Disabled Diva: Don't Judge a Book By Its Cover

I'll never forget the first time I realized I was thought of as "severely disabled." My mom and I had gone to a vocational rehabilitation office to inquire about getting assistance in purchasing an accessible van.. The counselor had not come in yet. I saw a file on the desk with my name on it.

The words "severely disabled " were written on it. I freaked out. I remember saying, "Mom, that's not what I am is it?" "No, that's just something they put down. It doesn't mean anything," my mom said. But I knew it did. It meant that society would always view me as different and make assumptions and judgments about what I'm capable of. It meant that I'd spend my life having to prove myself to others.

I was born with Spastic Cerebral Palsy. I knew that meant that a part of my brain had not properly developed and that my muscles are tight making it difficult for me to move my arms and legs. And, that because I had not attained standing balance as a child, I used a power wheelchair.

I knew all the facts, but until that day, in the vocational rehabilitation office,, I never knew I was severely disabled. I remember thinking,"Okay, my limbs don't work properly and I use a wheelchair, but on the inside I am just like everyone else. Why can't people see that?"

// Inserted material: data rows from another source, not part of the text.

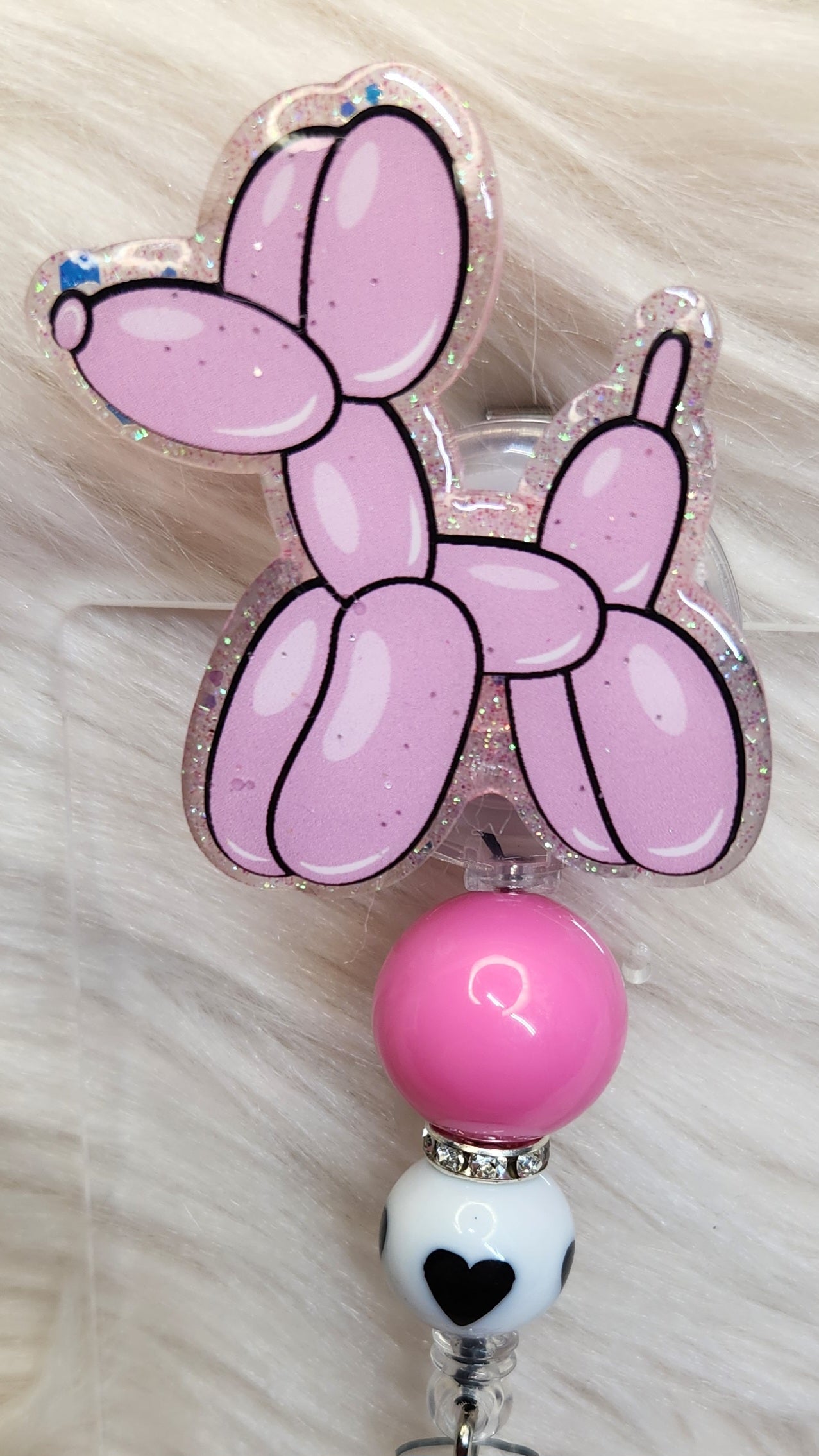 Balloon Dog Pink Badge Reel Face
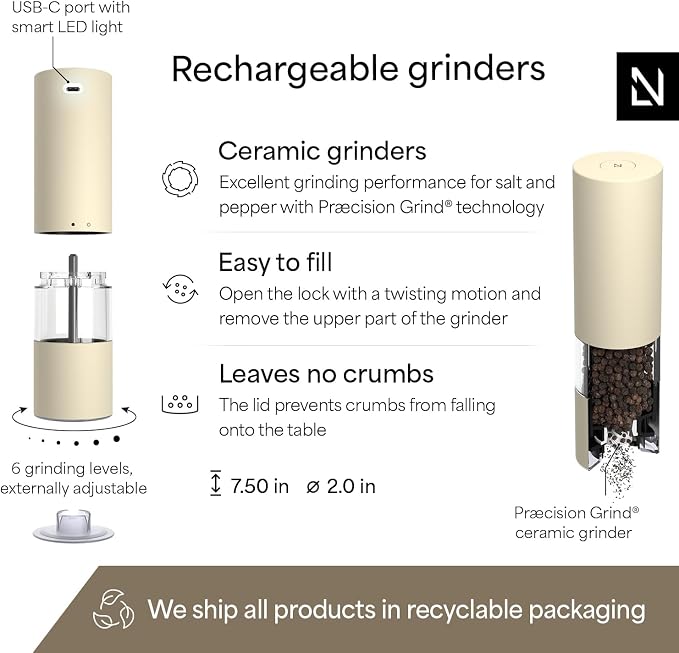 LARS NYSØM Electric Salt and Pepper Grinder Set I Automatic Salt and Pepper - Image 4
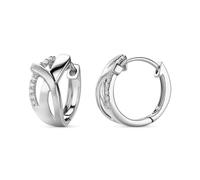 Miore Orecchini Cerchio Donna con Zirconi Brillanti in Argento 925, Orecchino Cerchi Classici a lobo anallergici con Zirconi. Chiusura con perno passante e scatto.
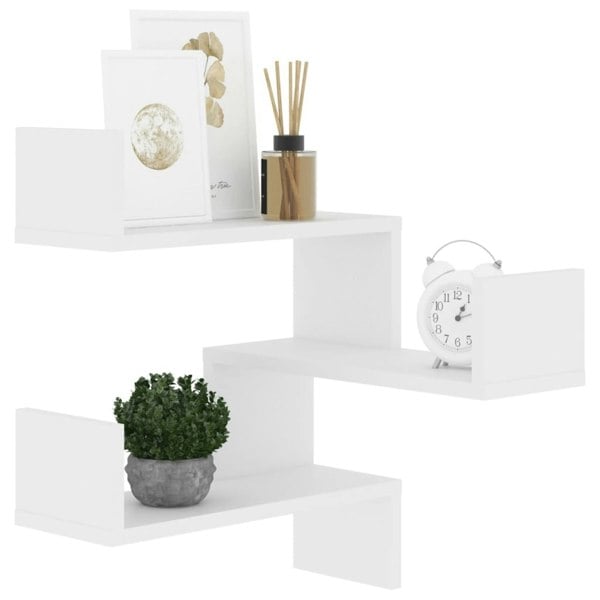 Berkfield Wall Corner Shelf White 40x40x50 cm Engineered Wood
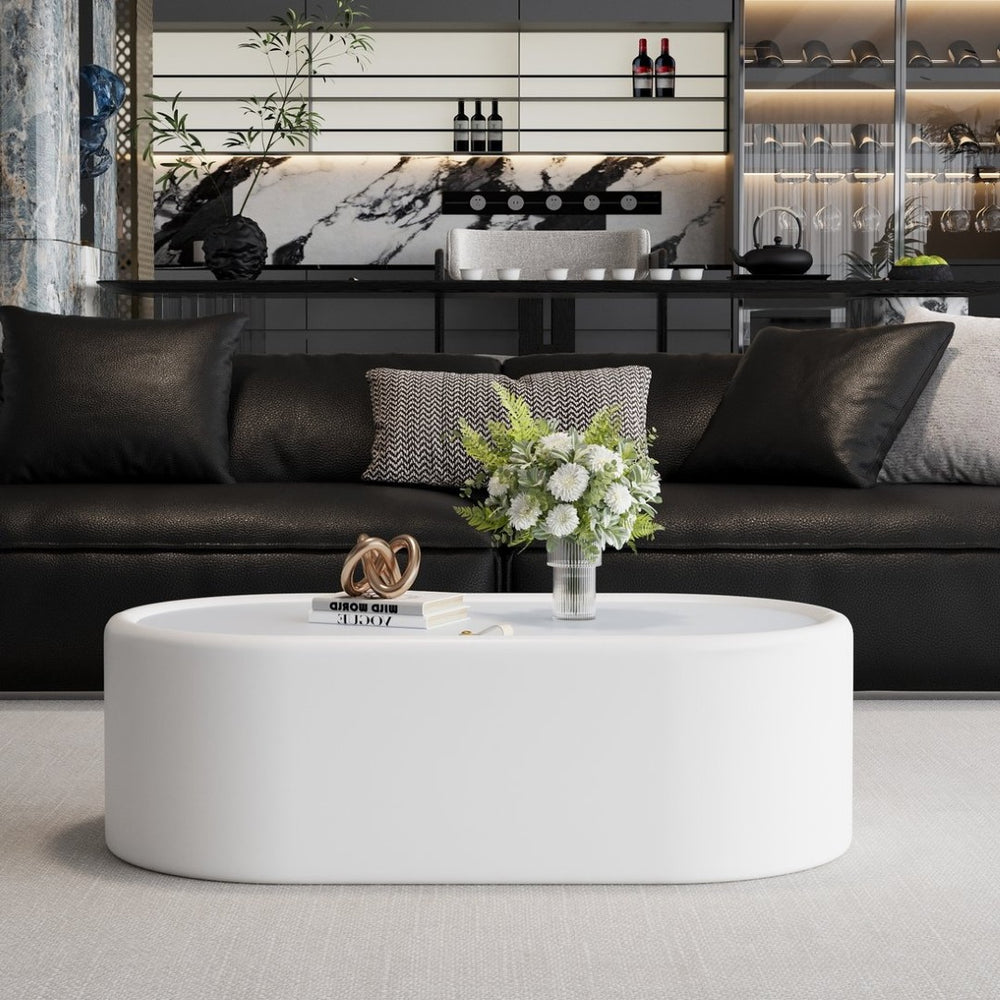 English Elm 33.46 Oval White Leather Storage Coffee Table with Tempered Glass Lid for Living Room W3158P496087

Many people with Cerebral Palsy are mentally challenged as well. I'm blessed with a good mind. There have been times when people see me in my wheelchair with my caregiver and speak to my caregiver rather than speaking to me directly. They act like they don't even see me. This happened, most recently, at a hair salon and nail salon.

The stylist was doing my hair and telling my caregiver what she was doing to get the style I had requested. More than once I had to ask her to please speak to me directly. Somehow our conversation got around to the children's book I'd written. The stylist looked over at my caregiver and asked, "She writes?" My caregiver nodded and said, "Yes." Things have improved at the nail salon, but when I first visited, the employees looked at me as though I was an alien from another planet. They asked my caregiver how my nails should be done. My caregiver replied, "She can tell you."

It doesn't happen as much anymore but when I was younger, quite often, I wasn't given a menu at restaurants. The assumption being that because I was in a wheelchair I wasn't able to read. This would infuriate me and I would (sometimes very loudly) ask for my own menu.

When I have book readings for my children's book I do a little lesson on disability awareness as well. I tell children that we are all unique and special people. When they see someone who looks a little different because they use a wheelchair, walker or cane, don't point or stare. Go up to them. If you have question, ask. You'll find you are a lot more alike than you are different. And, you just might make a new friend.

Children are much more accepting than adults. Adults have more difficulty accepting someone who is different. I'm asking anyone who reads this post to remember this. The next time you meet someone with a disability don't make judgements or assumptions based on outward appearances. Look past what's on the outside and try to see them for the person they are inside. Who knows, you just might make a new friend.